Cet été, l’Europride, grand évènement international LGBT, se tenait à Marseille et consacrait une après-midi à la question des archives et des centres documentaires LGBT en France, en Europe et aux Etat-Unis. L’évènement, organisé par Christian de Leusse, s’est tenu le 17 juillet 2013 aux Archives départementales des bouches-du-Rhône. Trois initiatives, italienne, américaine et néerlandaise, ont retenu l’attention de Légothèque …
La bibliothèque du Cassero di Bologna
En 1982, Bologne est la première ville italienne a accueillir un centre LGBT : le Cassero. Créée en 1993 au sein du Cassero, la bibliothèque est constituée d’un fonds d’archives de 14 000 livres, de nombreuses vidéos et photos et de coupures de presse. Trois catalogues sont accessibles en ligne : le catalogue des livres et des vidéos, le catalogue des périodiques et le catalogue des posters et flyers numérisés, que l’on peut télécharger et consulter de n’importe où dans le monde. La bibliothèque est ouverte 43 heures par semaine, et organise des conférences, des rencontres et des expositions.
L’utilité de l’association est aujourd’hui reconnue pour les LGBT mais aussi pour toute la population. Ainsi, un atelier d’écriture créative pour les enfants sur le thème de la tolérance fonctionne très bien, et attire aussi des parents hétérosexuels. La bibliothèque du Cassero est la plus ancienne et une des plus grandes bibliothèques LGBT d’Europe, et est utilisée par de nombreux chercheur/es et étudiant/es.
Le rôle de cette bibliothèque est d’autant plus important qu’il est difficile d’obtenir des informations sur les LGBT en Italie, notamment dans les librairies, dans un contexte où le mariage et l’adoption ne sont pas reconnus pour les couples de même sexe, et où aucun facteur aggravant n’existe dans la loi italienne pour condamner les agressions homophobes.
Le GLBT History Museum de San Francisco
Le Musée LGBT de San Francisco, structure de 150 m² ouverte en 2011, est une des premières institutions en son genre. Le musée a notamment été insiré par « The institute for sexual science », créé à Berlin en 1919 par Magnus Hirschfeld, qui a marqué l’apparition des LGBT dans un musée pour la première fois (il fut détruit pas les nazis en 1933).
L’objectif du musée était à la fois de combattre l’invisibilité généralisée de la mémoire LGBT en l’inscrivant dans l’environnement urbain, et de travailler sur des formes de médiation des archives s’adressant à un large public. L’initiative semble couronnée de succès, puisque le musée attire 15 000 visiteurs par an, dont 75% de touristes.
Homodok-IHLIA aux Pays-Bas
IHLIA dispose d’un centre de ressources : Homodok, au 6eme étage de la Bibliothèque publique d’Amsterdam (l’OBA).

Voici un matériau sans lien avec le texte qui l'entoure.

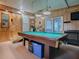Game room with pool table, tv, and access to outside at 1710 Hilton Head Blvd, The Villages, FL 32159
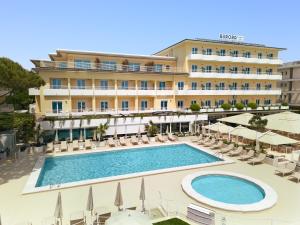 a hotel with a pool and chairs and umbrellas at Hotel Aurora in Lido di Jesolo
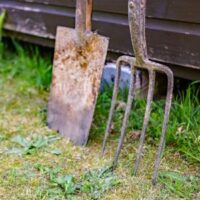 a close up of a rusty garden spade and fork, propped up against a wooden garden building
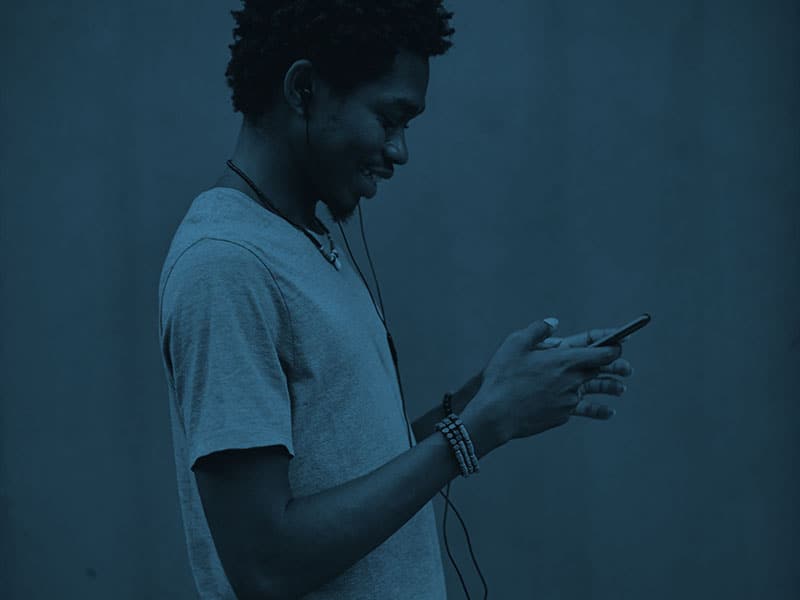 A young man is listening to music on his cell phone.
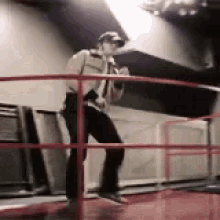 a man is standing on a railing holding a microphone and dancing .
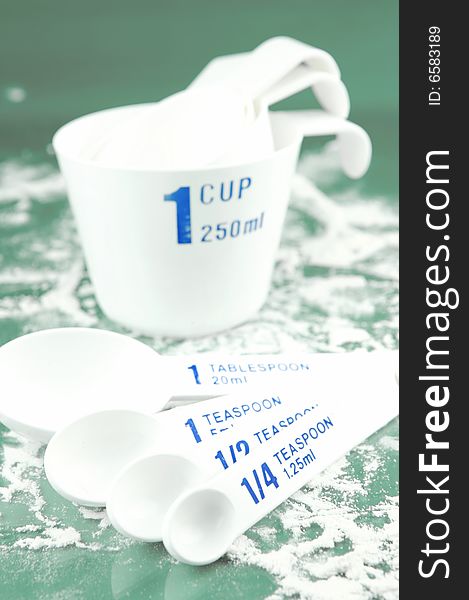 Measuring cups and spoons isolated against a green background. Measuring cups and spoons isolated against a green background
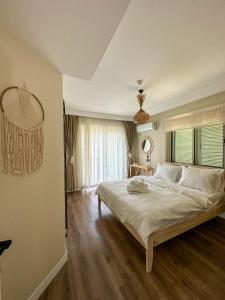 una camera con un grande letto e una grande finestra di Ella Alaçatı Otel a Ildir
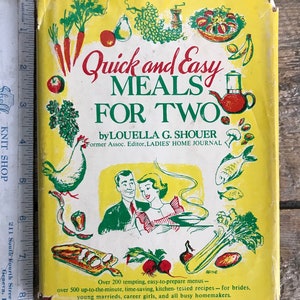 May include: A yellow cookbook with a red and green illustration of a couple cooking. The title is "Quick and Easy Meals for Two" by Louella G. Shouer. The book cover also includes the text "Former Assoc. Editor, LADIES' HOME JOURNAL".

Fondée en 1978 par des étudiant/es pour rendre accessible pour le plus grand nombre du matériau LGBT, la collection d’IHLIA compte aujourd’hui 130 000 livres et affiches, attire 4 000 visiteurs par an et constitue un des principaux fonds d’archives LGBT en Europe. Le fonds est accessible pour toutes personnes intéressées par l’histoire LGBT et un service de recherche personnalisée est proposé. Des étagères roses rassemblent le canon de la littérature LGBT des Pays-Bas, fictions et documentaires. Le référencement représente un travail très important d’IHLIA.
Initiative intéressante, l’IHLIA a également édité en 2013 un thésaurus international des termes LGBT, Homosaurus, pensé pour être un outil de stimulation de la recherche et pour faciliter le travail des chercheurs et chercheuses du monde entier. Homosaurus est accessible en néérlandais et en anglais.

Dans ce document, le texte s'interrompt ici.